In yesterday’s post I gave the example of the married couple who can’t afford to have one parent stay home to watch the kids. Then I pointed out that if all of the taxes withheld automatically by the government were returned to the family, they could in fact afford it. No legislation is enacted requiring both parents to work in order for them to survive and have a relatively comfortable standard of living but that is the net effect of the tax burden on the family.
And of course, if both the father and mother have to work, then they have to pay childcare. And when it comes time for the decision, their hand is practically forced in regards to education: they will likely have to choose against homeschooling and will have to choose secular education. One thing leads to another and before you know it, just by virtue of the fact that both parents need to work in order to survive, the next generation finds themselves embedded in the same tyrannical system. Again, no law was passed. No legislator said, “Let’s make it illegal to have a parent stay at home…”
Probably, no legislator said, “Let’s make it difficult for a parent to stay at home…” but this was the effect.
I give this example only to illustrate that slavery can take many different forms. Nor of course am I forgetting that a great many parents decide to live quite uncomfortably in order to have one of them stay at home. It certainly can be done, but it needn’t be as hard as it is. Nor am I condemning the family where both parents do work. I am merely pointing out that the tax burden virtually requires it.

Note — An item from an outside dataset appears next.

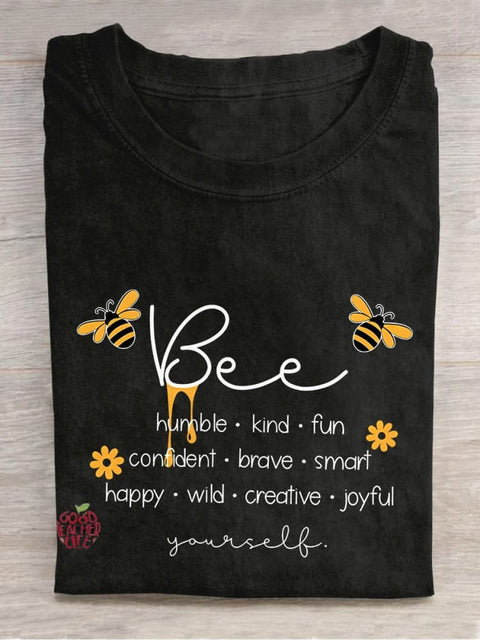 Bee Humble Kind Fun Teacher Casual Print T-shirt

(I have to issue all these clarifications because even though I already said that I was merely trying to illustrate a concept readers will ignore the point I am explicitly making and leap to the points they think I am implicitly making)
It is important that freedom loving individuals, and Christians in particular, recognize all the different ways in which our lives are affected by this or that program, policy, endeavor, etc. We certainly should consider it before instituting measures, no matter how sincere our motivations and important and necessary the desired outcome is.
For example, certainly we should care for the poor. That does not mean we can find a random rich person and put a gun to his head and demand that he pay up. That would be wrong. We may satiate our consciences by using the government to go around doing the robbing but isn’t it still robbery? Let’s say we find ways to justify it. When the rich people stop doing what made them rich (close their businesses, fire workers, leave the town, send jobs overseas, etc) aren’t we being a little… silly is the nicest word I can think of… at not expecting such an outcome?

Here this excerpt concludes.